Again, the picture below shows you step-by-step instructions…
The concatenated text strings in column H are now hidden, the conditional format shows you rows containing duplicate records. Your spreadsheet looks much cleaner and more impressive. Life is good!
Well… it gets even better so keep reading.
4. Compare Entire Rows by CONCAT
This method is like the previous one, but it allows you to highlight the entire duplicate rows. There is one caveat, however. You must sort the data in a way that groups the duplicate records.
Here's how this technique works:
- Create a formula that will return TRUE if all the cell values in the current row are identical to those in the row above and FALSE.
- Apply a formula-based conditional formatting rule (based on that formula) to your data set.
- Sort your data to group the duplicates.
Here you are the illustrations with step-by-step instructions:
NOTE: The formula must return TRUE if the current row is identical to the one above and FALSE if not. It must also work consistently when copied both vertically and horizontally. That's why it's important to be mindful of using the correct cell references.
I filled the formula in columns H, I, and J for testing and as a proof of concept. It is not strictly necessary. If you are comfortable with conditional formatting, you can easily skip this step.
Now we are ready to sort the dataset and see the duplicate rows.
Notice how I deleted the columns H, I, and J. Like I already mentioned, they were temporary.
You may ask…
Can We Simplify This Solution?
I'm glad you asked because yes, we can… somewhat. Excel Conditional Formatting will work with an Array Formula. Which means you can compare the current row with the row above without having to CONCAT them. Here's how…
Notice how this formula compares the current row (row 4) to the row above it (row 3). This is an Array Formula. To enter a formula like that in a spreadsheet, you would need to hold Control and Shirt keys and then press enter. In a conditional formatting rule it just works like any other formula that returns a TRUE or a FALSE result.
Isn't conditional formatting great? I advise all my students to learn how to use it.
IMPORTANT: One more time… this technique displays duplicates correctly only when you sort the data properly. I can't emphasize it enough.
What if you want to keep the entire data set with duplicates and have a list of unique rows at the same time?
Well… in that case you can…
5. Use Excel's UNIQUE Function to Dynamically Extract Unique Rows
If you use a newer version of Excel, you can use the UNIQUE function to identify and extract unique records in your data set. Which is a great technique, because it is dynamic.

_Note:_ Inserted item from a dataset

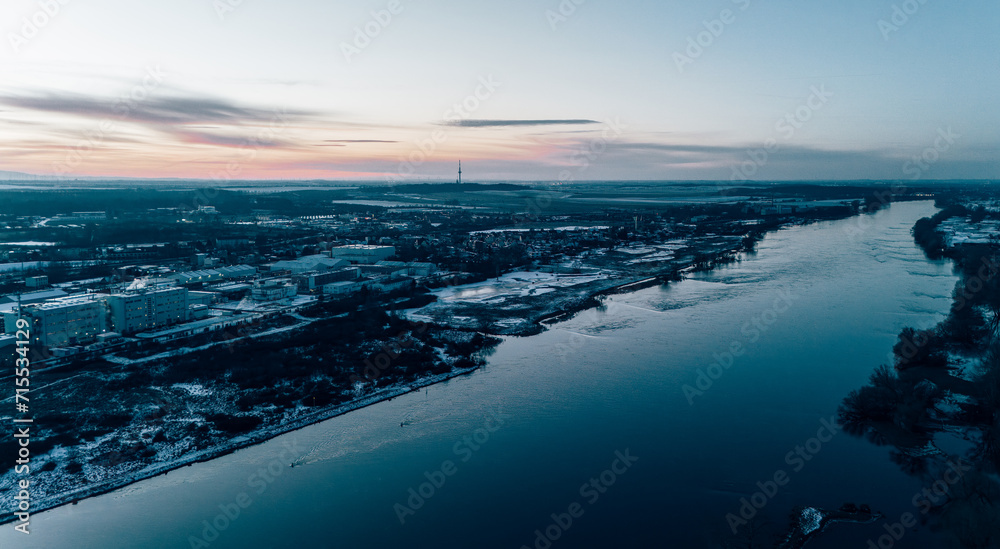 Aerial View of a City during sunset reflecting in a calm river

Here's how to pull it off…
It's a robust approach to make an Excel table out of your data range first. So, here are the steps:
- Click in your data set and insert a Table (Insert>Table)

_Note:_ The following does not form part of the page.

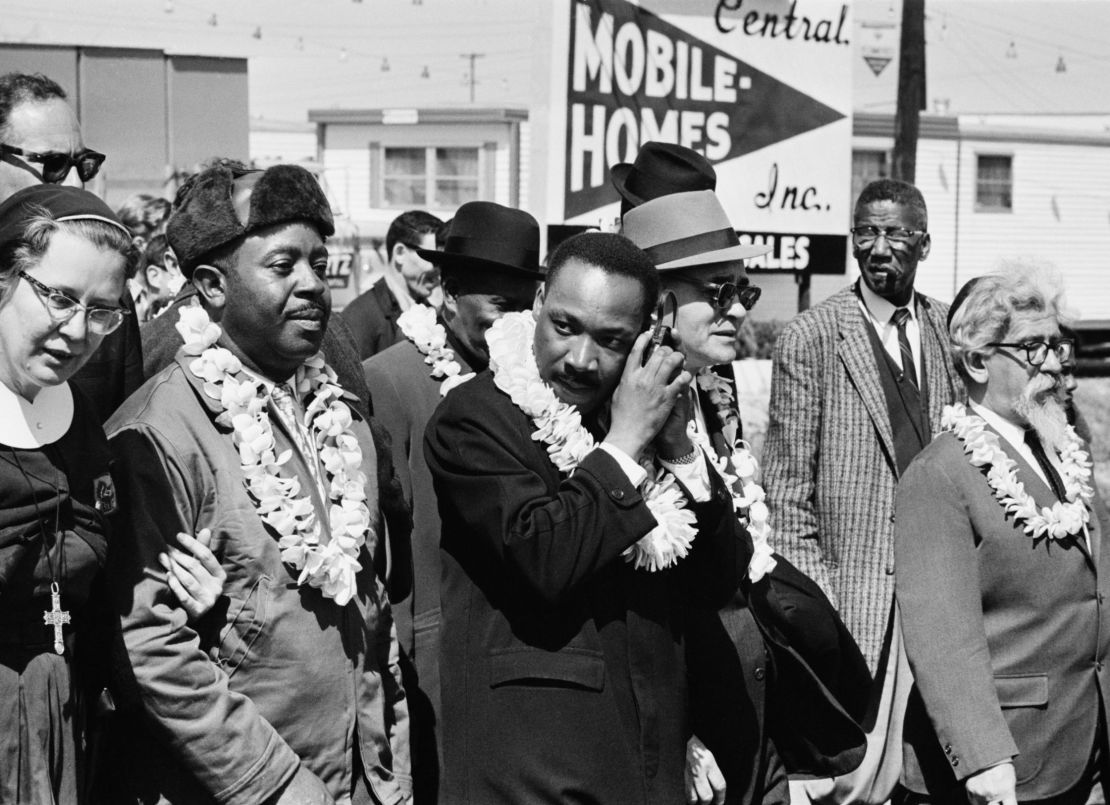 Martin Luther King, Jr.  listening to a transistor radio on a march from Selma to Montgomery, Alabama, on March 23, 1965. Among the other marchers was Rabbi Abraham Joshua Heschel, far right.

- In a cell outside the table type the UNIQUE-function formula and press Enter
The UNIQUE function will spill the data into the neighboring cells, so make sure you have plenty of breathing space for that.
The following figure shows you how and where to create the formula. Note how I left out the Customer ID column from the formula. Otherwise the formula returns all the records because all of them will be unique.

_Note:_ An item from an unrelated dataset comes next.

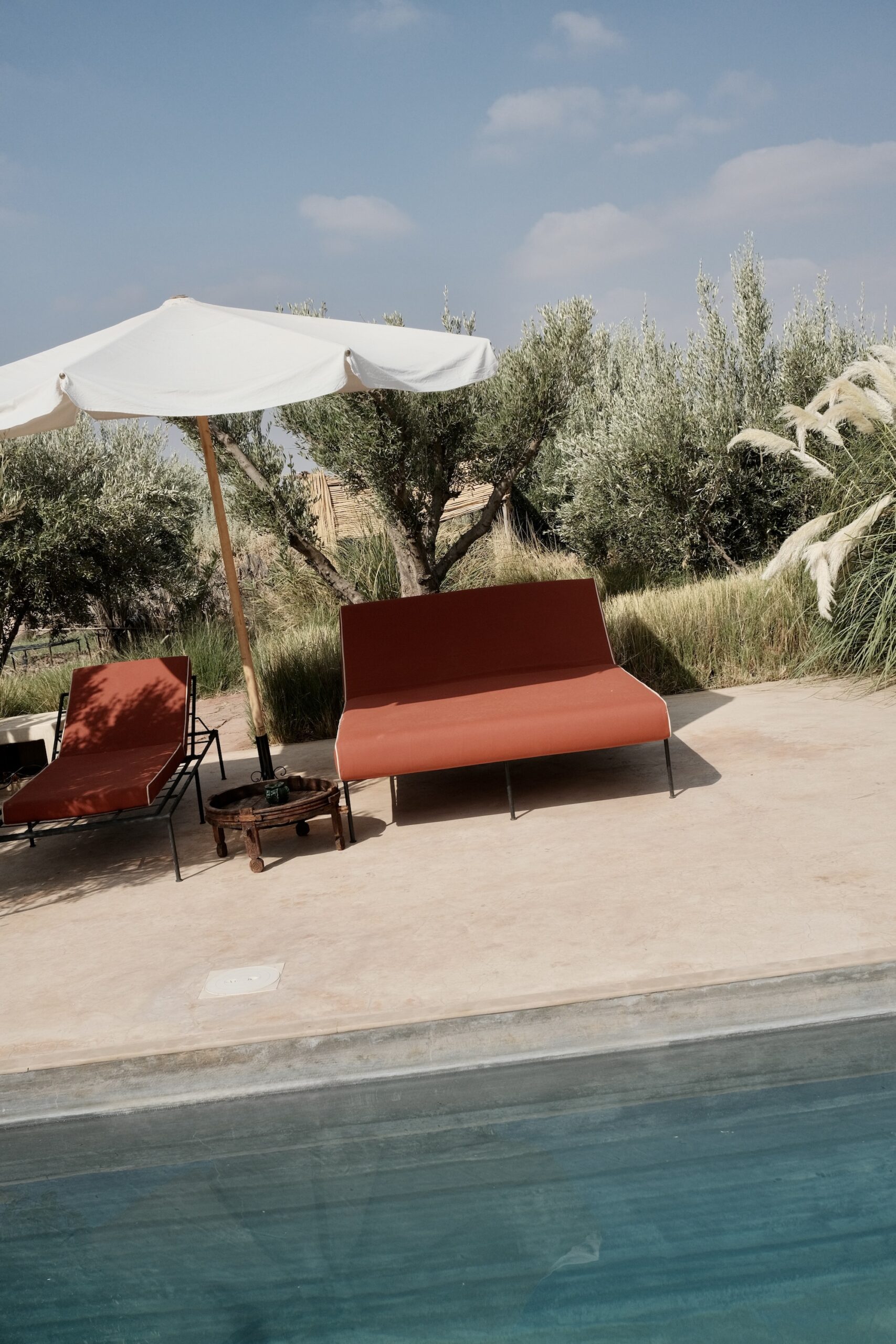 Terracotta poolside sofa and lounger under a white umbrella at Farasha Farmhouse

NOTE: Do not type the arguments for this formula. Just type =UNIQUE( and then select the range. In my example, I selected all the columns inside the table except column B with the Customer ID.
You can see the calculation results of the UNIQUE function on the next picture. Notice how this formula spills results into the adjacent cells down and to the right of the cell J2…
NOTE: When you take advantage of this technique, the list of unique records is dynamic. If you add or remove records to the table, the results will change. That is the primary reason to use an Excel table instead of a regular range. The table expands when you add more data to it and it automatically adjusts the function argument for the UNIQUE formula.
It's allows you to keep the duplicates and remove them at the same time. What a nifty way to kill two birds with one stone, isn't it?